Hazells (Aylesbury) Football Club was a football club based in Aylesbury, Buckinghamshire. The club was formed by staff at the Hazell, Watson and Viney printing works in the town, and competed in the Hellenic and Chiltonian Leagues between 1957 and 1994.

== History ==
There are early records of a Hazells FC competing in the Aylesbury & District Football League as early as 1923/24.

By 1928–29, the club were competing in Division 2 of the Spartan League. An article in The Bucks Herald in October 1930 described the team as "not experiencing the best luck this season", and by February 1936 the team was competing in the Aylesbury & District League. Notably, by this time, records exist of a match between Morris Motors Ladies and Hazell Ladies, showing the existence of a women's team, despite the ban on women's football that was in place at the time.

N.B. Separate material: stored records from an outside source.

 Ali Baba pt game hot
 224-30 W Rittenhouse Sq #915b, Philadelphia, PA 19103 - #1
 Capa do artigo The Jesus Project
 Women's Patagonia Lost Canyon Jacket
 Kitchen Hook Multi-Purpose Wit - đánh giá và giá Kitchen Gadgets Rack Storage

By the late 1950s, the club were familiar faces in the Hellenic League, winning the Division 1 title in 1959–60 and achieving promotion to the Premier Division, finishing in third place in their first two seasons. The club maintained top-half finishes in each season thereafter, narrowly missing out on the Premier Division title in 1966–67 on goal difference, having scored seven more goals than champions Witney Town, and conceded an extra sixteen. That season saw Witney winning their third Premier Division title in a row – a feat which remains unmatched today.

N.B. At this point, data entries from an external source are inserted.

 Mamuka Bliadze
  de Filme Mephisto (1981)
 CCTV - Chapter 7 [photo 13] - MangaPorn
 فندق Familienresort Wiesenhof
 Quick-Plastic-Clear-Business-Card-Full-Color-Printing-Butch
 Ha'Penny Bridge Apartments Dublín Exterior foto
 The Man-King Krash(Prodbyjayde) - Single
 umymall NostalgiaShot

The following season, 1967–68, saw Hazells finish two points above Witney, and becoming Hellenic League Premier Division champions for the first and only time.

That success was not to last long, as Hazells struggled in the following 1968–69 season, finishing in thirteenth place out of seventeen, before ending the 1969–70 season at the bottom of the Premier Division, having amassed only four points all season. Despite their poor showing in the league, 1969–70 marked their first – and only – season competing in the FA Cup. Having beaten Ware at home in the Preliminary Round, Hazells fell to a 6-1 defeat away at Hounslow in the First Qualifying Round.

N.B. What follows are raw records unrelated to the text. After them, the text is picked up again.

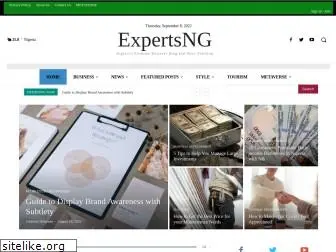 expertsclan.com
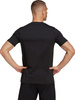 Koszulka męska adidas Entrada 22 Tee czarna HC0448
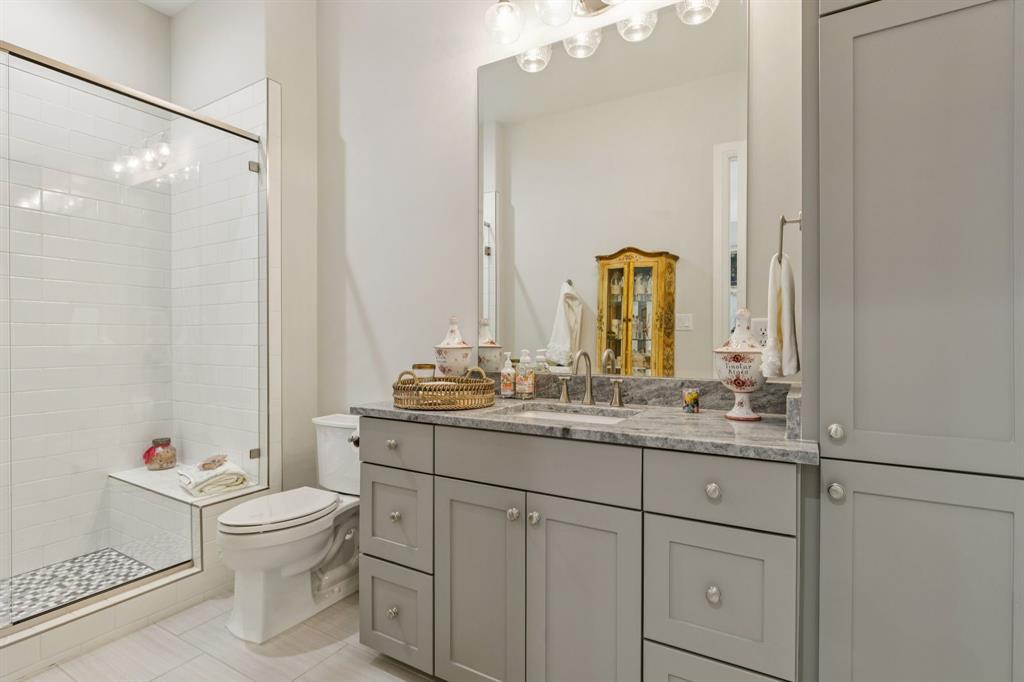 Westlake Entrada - Residential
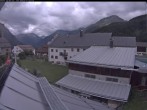 Archiv Foto Webcam Ardez Bos-cha Westen 11:00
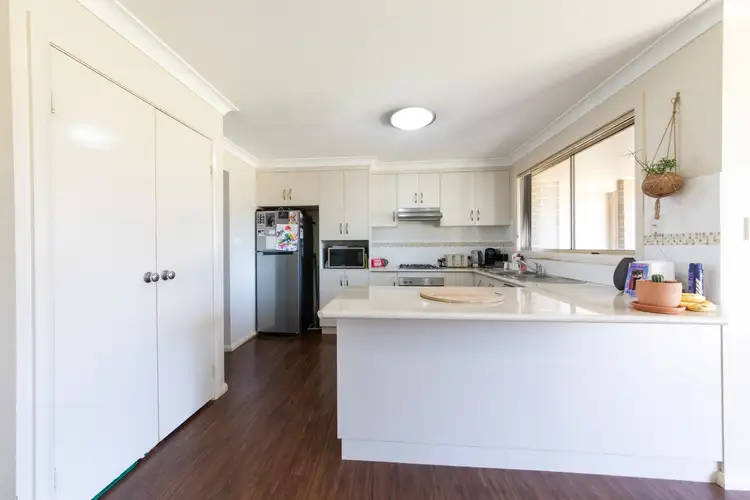 Third view of Homely house listing, 48 Dunheved Circle, Dubbo NSW 2830
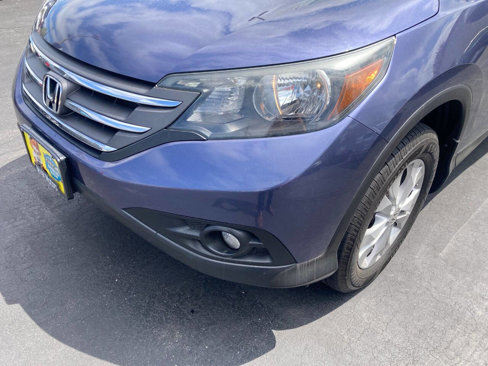 Used 2012 Honda CR-V EX image 19
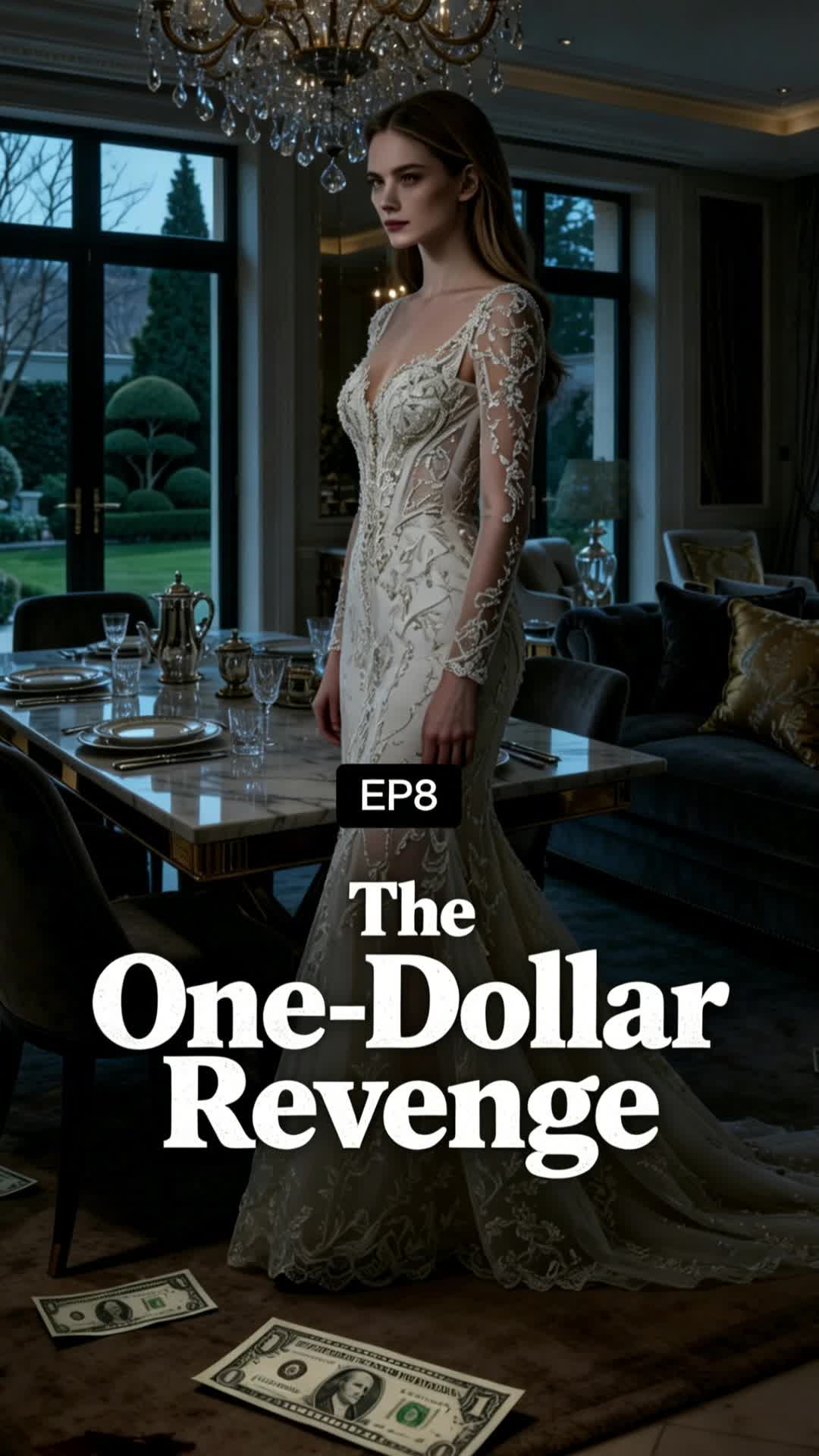 Episode 8 - The One-Dollar Revenge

In their first season back in Division One, Hazells placed fifteenth out of twenty teams, and were assigned to the newly created Division One A for the following season.

The 1972–73 season saw renewed success for the club, narrowly winning promotion from the reformed Division One and returning to the Premier Division. The following season, however, saw Hazells yet again finishing rock bottom of the Premier Division, losing twenty-seven out of thirty games and conceding 100 goals.

The team yo-yoed between the Premier Division and Division One for much of the 1970s and 1980s, before joining the then relatively new Chiltonian League for the 1987–88 season. The following year, Hazells finished bottom of the Chiltonian Premier Division and were relegated to Division One, where they remained until the club disbanded in 1994, three years after the closure of Hazell, Watson and Viney.